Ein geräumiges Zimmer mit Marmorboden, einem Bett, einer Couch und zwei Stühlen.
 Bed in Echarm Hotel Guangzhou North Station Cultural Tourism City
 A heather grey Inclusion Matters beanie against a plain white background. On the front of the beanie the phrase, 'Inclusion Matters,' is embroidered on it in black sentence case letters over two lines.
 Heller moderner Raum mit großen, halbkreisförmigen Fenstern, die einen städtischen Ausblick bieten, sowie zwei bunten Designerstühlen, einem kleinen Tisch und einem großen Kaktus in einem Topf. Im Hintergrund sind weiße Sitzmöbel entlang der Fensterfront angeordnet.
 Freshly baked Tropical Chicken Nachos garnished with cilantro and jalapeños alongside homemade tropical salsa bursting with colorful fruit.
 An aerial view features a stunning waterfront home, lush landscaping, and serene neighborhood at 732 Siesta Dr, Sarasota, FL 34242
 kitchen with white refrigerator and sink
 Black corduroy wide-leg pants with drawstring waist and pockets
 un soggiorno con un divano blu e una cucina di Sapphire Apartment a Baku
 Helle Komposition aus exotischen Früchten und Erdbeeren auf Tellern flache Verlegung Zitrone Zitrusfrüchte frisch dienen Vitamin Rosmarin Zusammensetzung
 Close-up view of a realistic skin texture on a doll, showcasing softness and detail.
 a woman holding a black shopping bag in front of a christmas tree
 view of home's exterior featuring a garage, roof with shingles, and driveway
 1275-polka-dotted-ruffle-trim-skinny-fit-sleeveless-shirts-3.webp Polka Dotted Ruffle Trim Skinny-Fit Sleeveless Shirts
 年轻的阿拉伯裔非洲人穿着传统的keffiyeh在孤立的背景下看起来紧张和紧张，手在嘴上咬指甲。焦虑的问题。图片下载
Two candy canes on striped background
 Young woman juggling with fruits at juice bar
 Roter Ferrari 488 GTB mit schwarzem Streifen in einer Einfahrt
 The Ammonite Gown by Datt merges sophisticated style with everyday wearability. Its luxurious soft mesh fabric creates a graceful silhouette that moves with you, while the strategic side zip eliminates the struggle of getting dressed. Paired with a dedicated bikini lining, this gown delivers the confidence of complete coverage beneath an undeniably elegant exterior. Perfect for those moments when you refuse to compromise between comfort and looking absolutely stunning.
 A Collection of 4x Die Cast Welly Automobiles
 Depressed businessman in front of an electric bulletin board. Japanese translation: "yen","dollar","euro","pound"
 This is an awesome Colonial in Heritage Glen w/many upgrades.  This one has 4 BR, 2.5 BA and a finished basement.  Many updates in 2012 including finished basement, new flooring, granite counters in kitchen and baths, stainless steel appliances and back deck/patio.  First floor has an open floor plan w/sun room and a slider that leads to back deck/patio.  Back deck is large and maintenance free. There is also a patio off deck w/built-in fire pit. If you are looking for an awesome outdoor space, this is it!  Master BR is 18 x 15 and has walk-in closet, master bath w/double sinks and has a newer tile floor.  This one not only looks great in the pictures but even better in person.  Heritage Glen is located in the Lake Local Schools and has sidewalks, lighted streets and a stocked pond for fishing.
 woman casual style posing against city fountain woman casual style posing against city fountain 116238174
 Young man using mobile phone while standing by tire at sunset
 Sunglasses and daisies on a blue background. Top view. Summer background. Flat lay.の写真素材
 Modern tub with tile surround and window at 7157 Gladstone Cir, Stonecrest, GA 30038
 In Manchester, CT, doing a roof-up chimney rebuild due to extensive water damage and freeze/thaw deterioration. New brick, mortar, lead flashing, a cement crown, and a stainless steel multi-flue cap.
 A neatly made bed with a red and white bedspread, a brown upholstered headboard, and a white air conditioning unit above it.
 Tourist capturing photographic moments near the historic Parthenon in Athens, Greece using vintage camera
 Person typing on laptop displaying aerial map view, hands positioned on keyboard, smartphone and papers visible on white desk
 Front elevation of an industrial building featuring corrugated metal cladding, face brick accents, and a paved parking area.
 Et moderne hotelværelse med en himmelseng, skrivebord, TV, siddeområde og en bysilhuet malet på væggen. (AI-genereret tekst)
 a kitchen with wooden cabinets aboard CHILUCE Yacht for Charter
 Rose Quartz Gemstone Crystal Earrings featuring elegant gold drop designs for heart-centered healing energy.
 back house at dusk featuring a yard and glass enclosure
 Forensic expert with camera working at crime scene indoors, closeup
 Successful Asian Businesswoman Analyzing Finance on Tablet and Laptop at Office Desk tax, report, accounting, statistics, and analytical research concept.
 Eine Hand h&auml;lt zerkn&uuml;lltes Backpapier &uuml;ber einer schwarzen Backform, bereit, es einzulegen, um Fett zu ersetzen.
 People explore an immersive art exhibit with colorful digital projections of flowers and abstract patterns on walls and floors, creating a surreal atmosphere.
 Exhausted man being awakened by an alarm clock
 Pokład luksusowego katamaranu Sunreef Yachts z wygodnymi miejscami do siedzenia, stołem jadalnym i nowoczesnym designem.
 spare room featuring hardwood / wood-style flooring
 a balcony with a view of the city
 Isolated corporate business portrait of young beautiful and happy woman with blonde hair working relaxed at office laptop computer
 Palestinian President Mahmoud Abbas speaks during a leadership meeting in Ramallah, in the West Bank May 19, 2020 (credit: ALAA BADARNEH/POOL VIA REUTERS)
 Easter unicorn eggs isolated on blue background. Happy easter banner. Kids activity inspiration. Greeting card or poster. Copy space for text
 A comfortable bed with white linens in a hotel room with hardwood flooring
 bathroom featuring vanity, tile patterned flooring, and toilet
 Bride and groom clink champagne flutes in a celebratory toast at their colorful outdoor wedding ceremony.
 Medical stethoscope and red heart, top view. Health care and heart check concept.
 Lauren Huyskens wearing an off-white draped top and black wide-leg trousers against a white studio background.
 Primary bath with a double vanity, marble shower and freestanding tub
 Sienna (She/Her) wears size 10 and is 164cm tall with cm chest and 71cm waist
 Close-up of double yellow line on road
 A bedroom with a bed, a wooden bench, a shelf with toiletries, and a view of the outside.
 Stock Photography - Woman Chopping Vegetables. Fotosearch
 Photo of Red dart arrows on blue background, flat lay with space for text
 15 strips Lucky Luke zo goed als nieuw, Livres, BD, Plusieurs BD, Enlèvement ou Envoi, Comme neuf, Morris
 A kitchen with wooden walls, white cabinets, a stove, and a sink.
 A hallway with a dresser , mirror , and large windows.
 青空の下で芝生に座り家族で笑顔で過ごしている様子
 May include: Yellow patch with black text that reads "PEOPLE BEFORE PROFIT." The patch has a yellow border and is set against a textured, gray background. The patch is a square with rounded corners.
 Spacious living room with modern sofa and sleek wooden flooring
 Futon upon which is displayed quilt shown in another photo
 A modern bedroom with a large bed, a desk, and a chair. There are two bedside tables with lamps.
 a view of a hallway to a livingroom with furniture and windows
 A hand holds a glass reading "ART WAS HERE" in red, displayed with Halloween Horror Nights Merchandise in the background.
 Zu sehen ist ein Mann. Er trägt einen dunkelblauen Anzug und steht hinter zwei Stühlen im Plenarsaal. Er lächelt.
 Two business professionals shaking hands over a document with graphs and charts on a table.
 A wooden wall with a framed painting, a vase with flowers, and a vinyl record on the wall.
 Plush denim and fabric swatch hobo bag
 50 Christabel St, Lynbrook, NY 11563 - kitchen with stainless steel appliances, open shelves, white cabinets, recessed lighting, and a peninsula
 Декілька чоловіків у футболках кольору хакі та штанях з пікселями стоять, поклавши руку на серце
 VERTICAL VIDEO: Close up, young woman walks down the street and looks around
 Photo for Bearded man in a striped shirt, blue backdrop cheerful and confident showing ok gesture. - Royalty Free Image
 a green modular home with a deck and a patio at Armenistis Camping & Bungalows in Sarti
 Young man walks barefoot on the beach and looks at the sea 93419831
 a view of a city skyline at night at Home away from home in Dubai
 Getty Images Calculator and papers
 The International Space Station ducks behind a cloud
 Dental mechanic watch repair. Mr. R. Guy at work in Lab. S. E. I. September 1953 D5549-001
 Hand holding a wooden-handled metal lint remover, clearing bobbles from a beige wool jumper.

= = = =

_INSTRUCTIONS FOR THE TASK_
Within the data above, the span starting at the line containing "Exhausted man being" and ending at the line containing "Lauren Huyskens wearing" is to be retyped exactly, with no other lines.

_RESULT OF THE TASK_
 Exhausted man being awakened by an alarm clock
 Pokład luksusowego katamaranu Sunreef Yachts z wygodnymi miejscami do siedzenia, stołem jadalnym i nowoczesnym designem.
 spare room featuring hardwood / wood-style flooring
 a balcony with a view of the city
 Isolated corporate business portrait of young beautiful and happy woman with blonde hair working relaxed at office laptop computer
 Palestinian President Mahmoud Abbas speaks during a leadership meeting in Ramallah, in the West Bank May 19, 2020 (credit: ALAA BADARNEH/POOL VIA REUTERS)
 Easter unicorn eggs isolated on blue background. Happy easter banner. Kids activity inspiration. Greeting card or poster. Copy space for text
 A comfortable bed with white linens in a hotel room with hardwood flooring
 bathroom featuring vanity, tile patterned flooring, and toilet
 Bride and groom clink champagne flutes in a celebratory toast at their colorful outdoor wedding ceremony.
 Medical stethoscope and red heart, top view. Health care and heart check concept.
 Lauren Huyskens wearing an off-white draped top and black wide-leg trousers against a white studio background.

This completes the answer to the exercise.